▸ Data shown

━━━

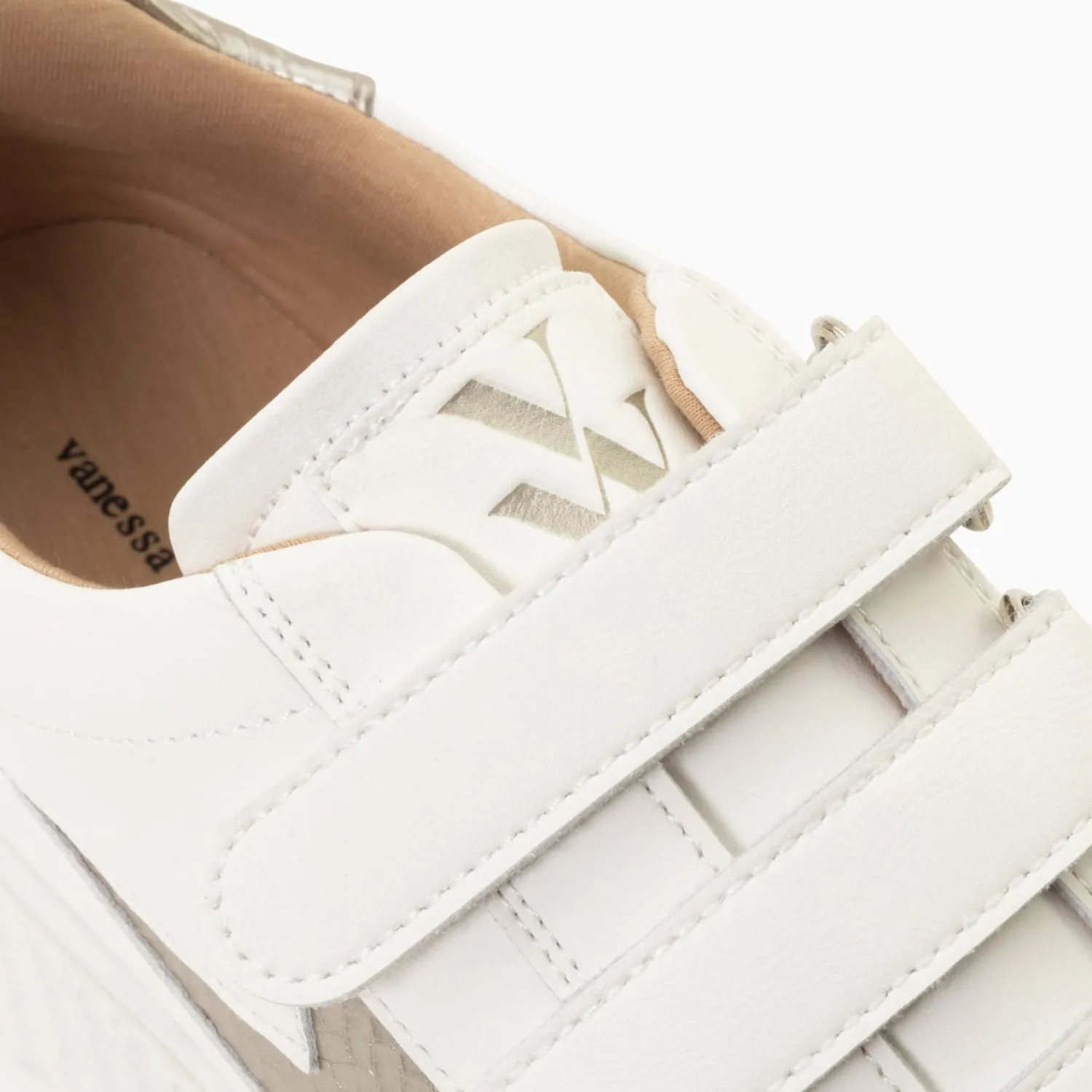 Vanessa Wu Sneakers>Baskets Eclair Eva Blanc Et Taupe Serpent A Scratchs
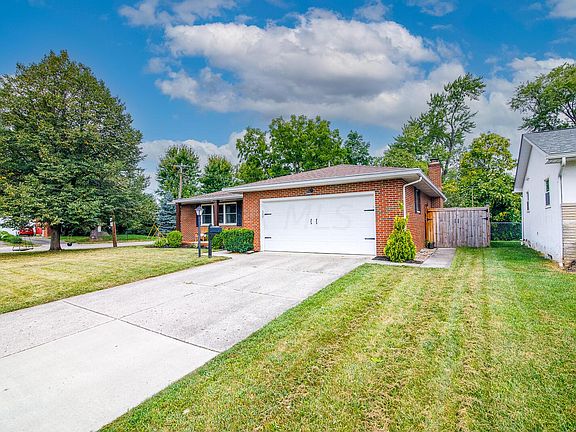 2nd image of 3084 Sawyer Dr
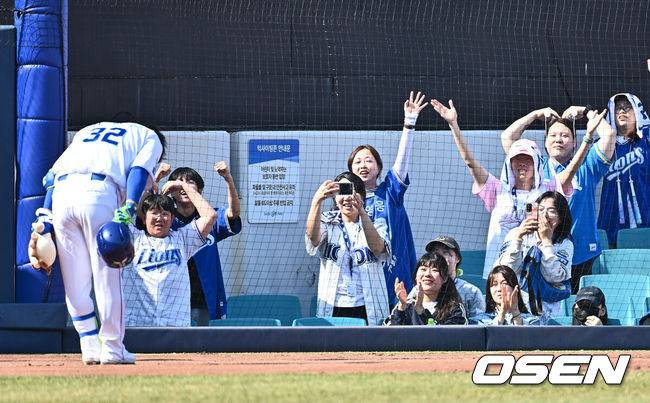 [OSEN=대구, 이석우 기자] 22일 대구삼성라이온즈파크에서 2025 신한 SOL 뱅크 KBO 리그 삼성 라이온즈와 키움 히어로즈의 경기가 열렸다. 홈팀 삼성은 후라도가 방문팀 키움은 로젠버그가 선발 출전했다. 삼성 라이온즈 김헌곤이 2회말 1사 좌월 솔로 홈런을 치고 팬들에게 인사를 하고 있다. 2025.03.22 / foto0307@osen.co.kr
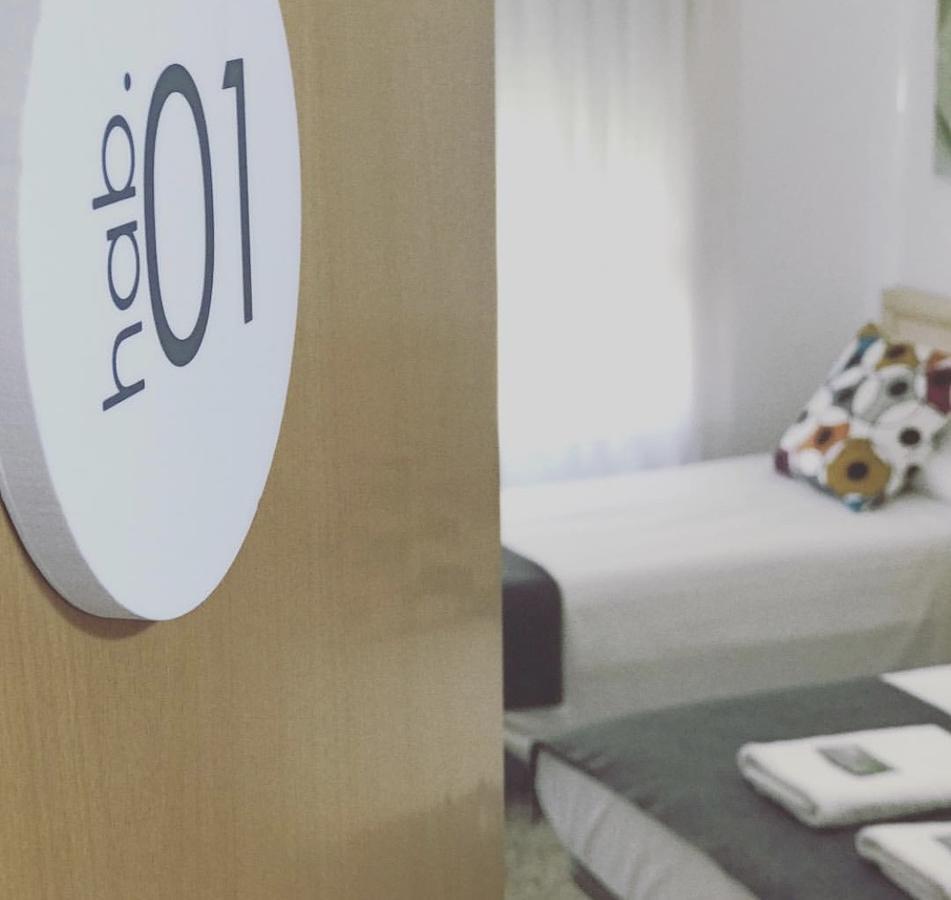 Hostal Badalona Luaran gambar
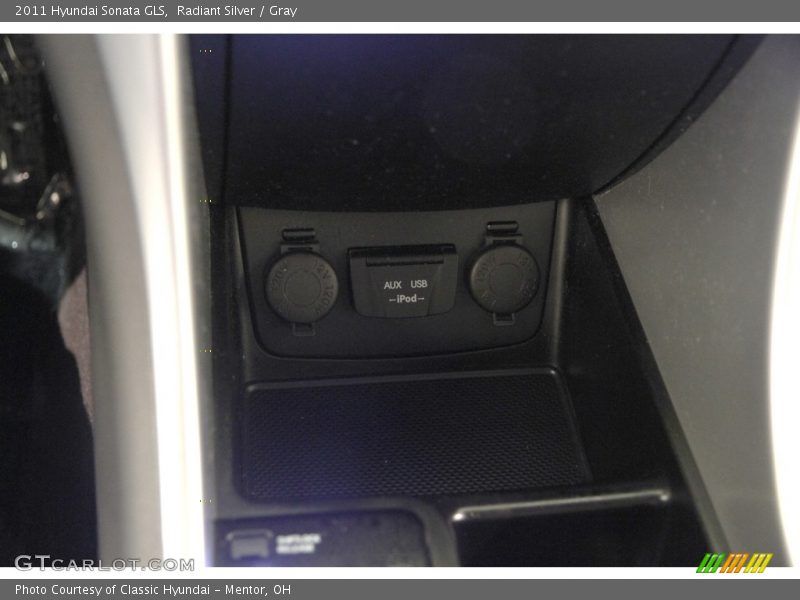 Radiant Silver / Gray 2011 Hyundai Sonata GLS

━━━

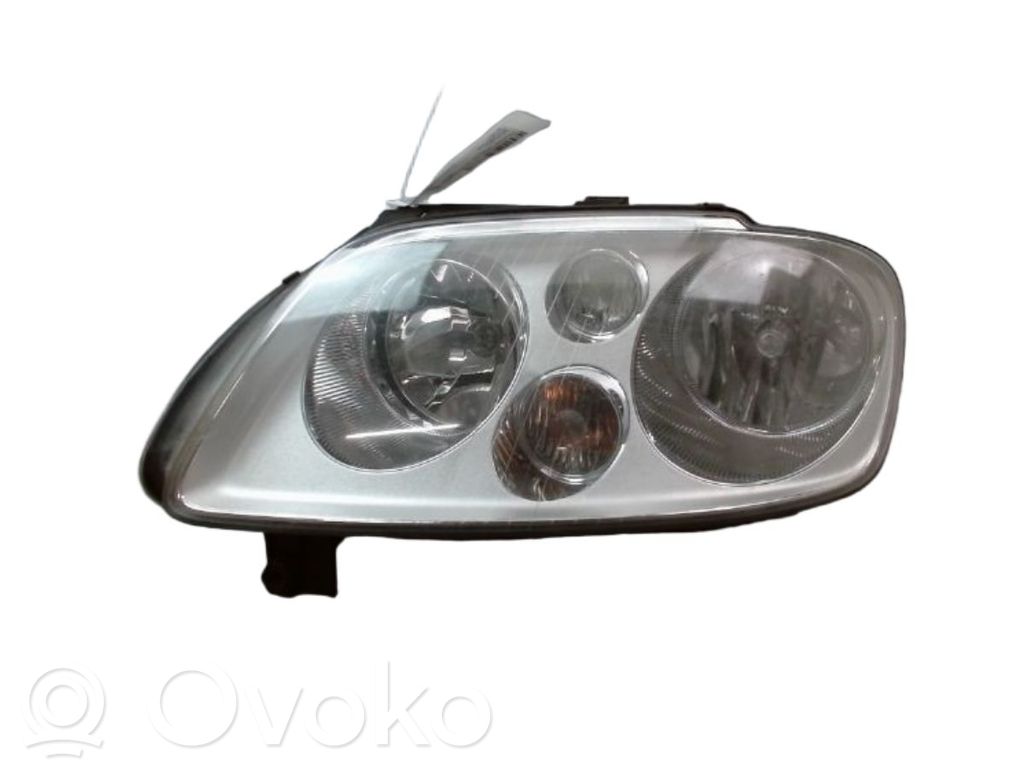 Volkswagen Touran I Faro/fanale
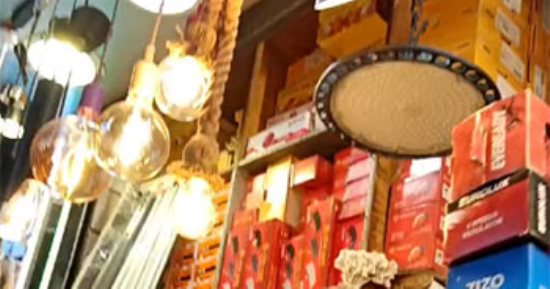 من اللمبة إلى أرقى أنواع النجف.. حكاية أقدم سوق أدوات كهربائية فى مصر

━━━

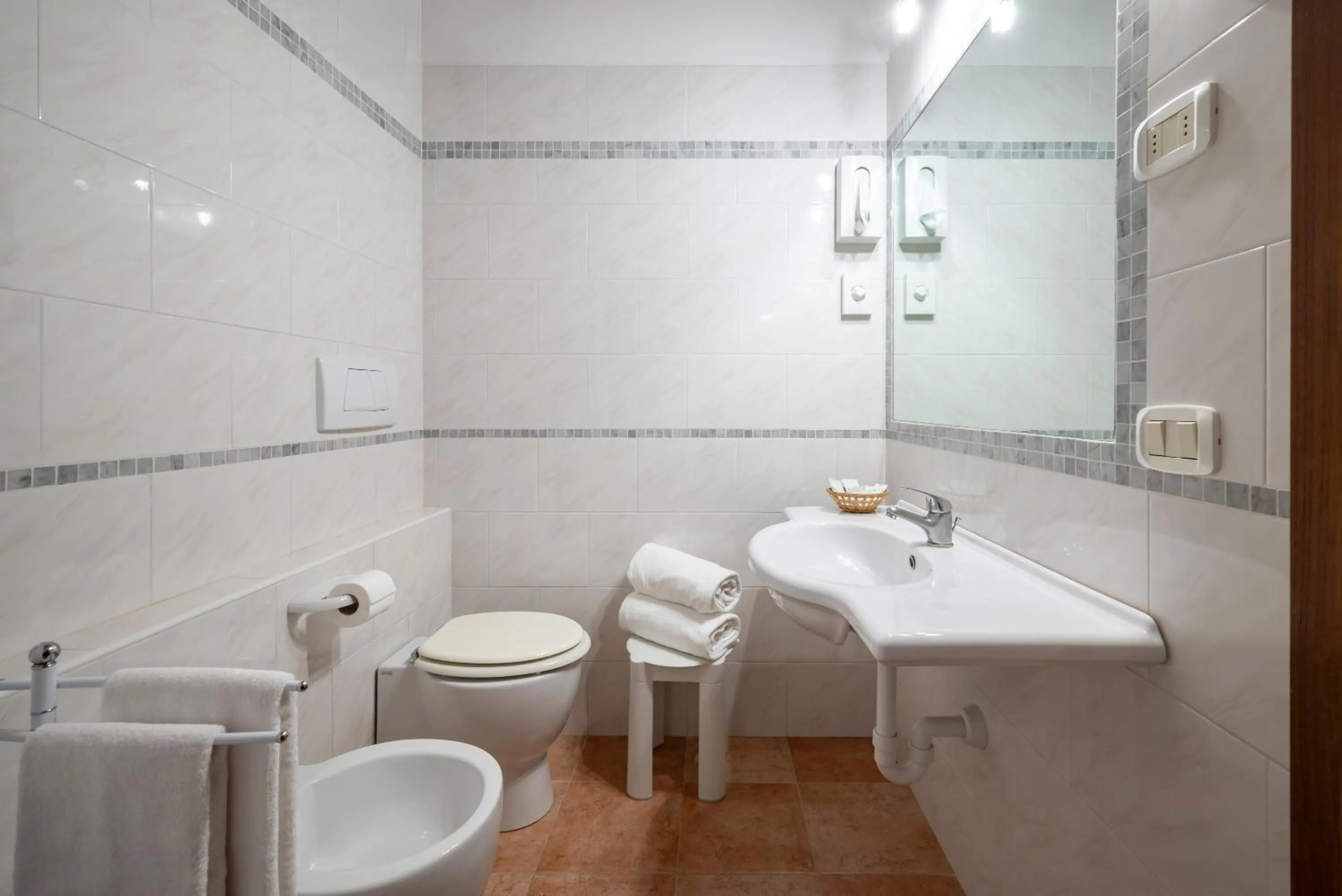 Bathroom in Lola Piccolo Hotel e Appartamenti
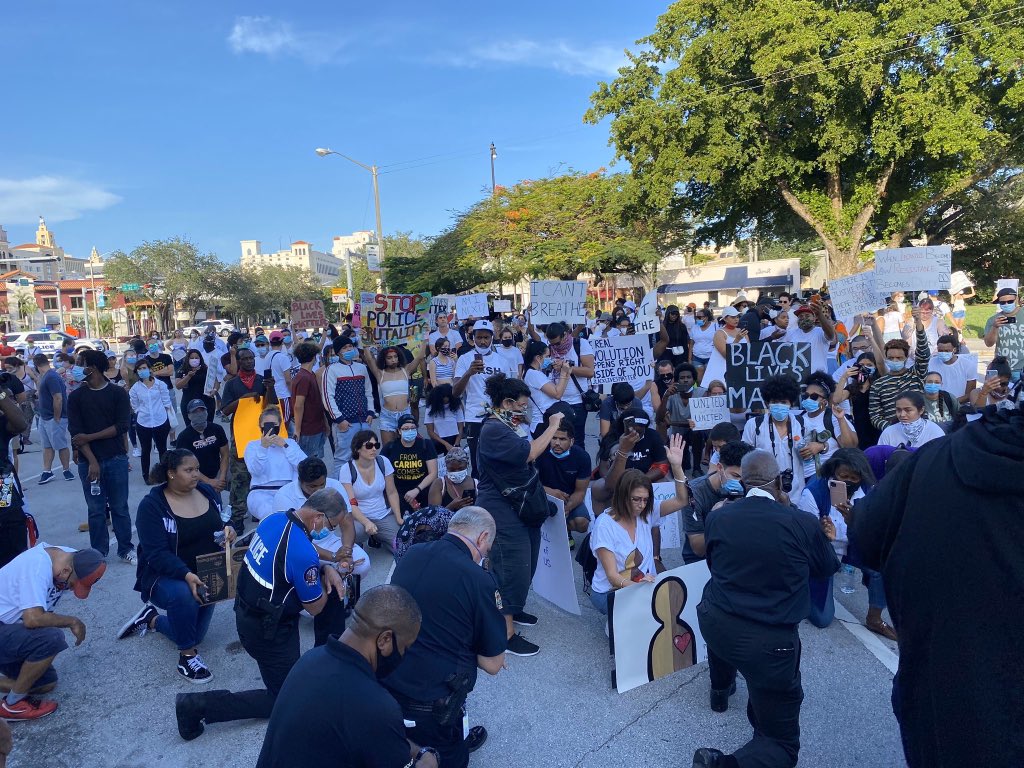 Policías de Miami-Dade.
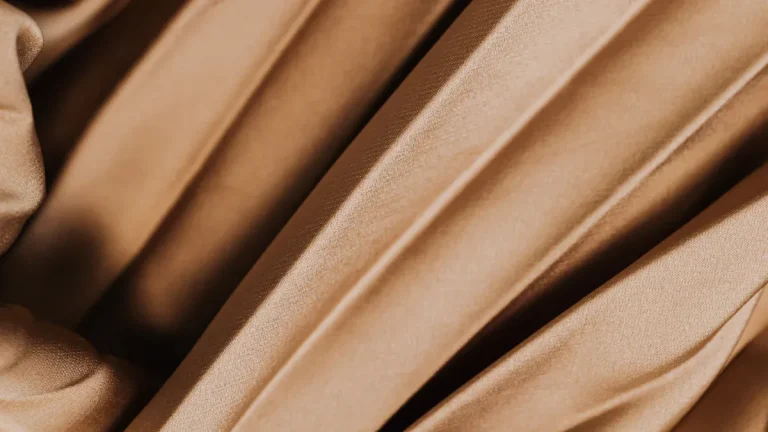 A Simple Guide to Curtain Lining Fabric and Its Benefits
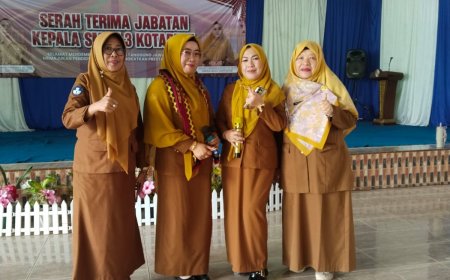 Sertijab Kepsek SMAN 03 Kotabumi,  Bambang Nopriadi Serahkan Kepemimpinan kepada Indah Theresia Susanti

━━━

▸ Problem to work on
Using the listing above, restate exactly the range between the lines holding "Vanessa Wu Sneakers>Baskets" and "2nd image of 3084 Sawyer Dr", inclusive, with pictures left out.

▸ Completed task
 Vanessa Wu Sneakers>Baskets Eclair Eva Blanc Et Taupe Serpent A Scratchs
 2nd image of 3084 Sawyer Dr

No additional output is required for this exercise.